Knowledge Discovery in Networks

October 26, 2005

2:50 pm - 4:00 pm

Halligan 111

Abstract

Networks are an increasing common method of representing the relationships among sets of interacting entities. This basic data structure is reflected in how we analyze and understand social networks, networks of scholarly citations and web pages, and networks of computers and communications devices. Over the past five years, my students and I have developed a number of methods for learning statistical models of networks that can make accurate predictions about the attributes of nodes in the network and also provide insight into the broad structure of statistical dependencies among different types of nodes. These models build on methods developed previously in statistics, machine learning, and knowledge discovery, including Bayesian networks and probability estimation trees. We have applied these techniques to a wide variety of problems, including citation analysis and fraud detection. We have also developed an open-source software environment incorporating our tools for statistical modeling and ad hoc querying of relational data.

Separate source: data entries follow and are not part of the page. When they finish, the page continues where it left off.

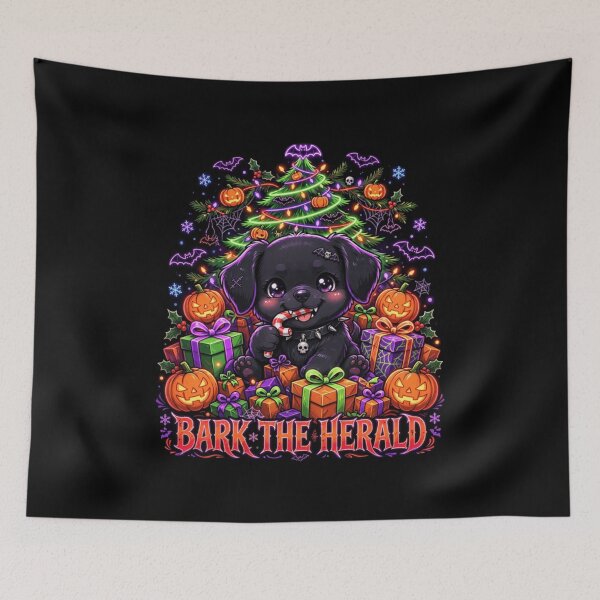 Item preview, Bark The Herald Cute Black Puppy Creepmas Christmas Tree Spooky Dog designed and sold by Neon Bones Studio.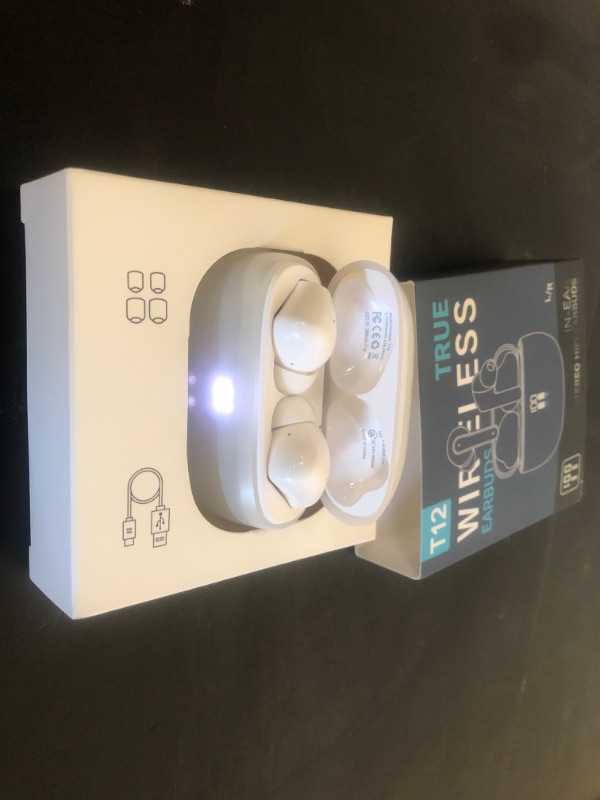 Photo 1 of JGUG Wireless Earbuds, Bluetooth Ear Buds Headphones with LED Charging Case, Deep Bass Stereo Sound, 40 Hours Playtime, IP7, Lightweight in-Ear Earphones for iPhone Android Sports Workout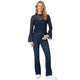 Kanten Blouse Wijde Mouwen Navy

David Jensen is Associate Professor of Computer Science and Director of the Knowledge Discovery Laboratory at the University of Massachusetts Amherst. From 1991 to 1995, he served as an analyst with the Office of Technology Assessment, an agency of the United States Congress. He received his doctorate from Washington University in 1992. His current research focuses on machine learning and knowledge discovery in relational data, with applications to intelligence analysis, social network analysis, and fraud detection. He serves on the editorial boards of Machine Learning and the Journal of Artificial Intelligence Research, and on the program committees of the International Conference on Machine Learning and the International Conference on Knowledge Discovery and Data Mining.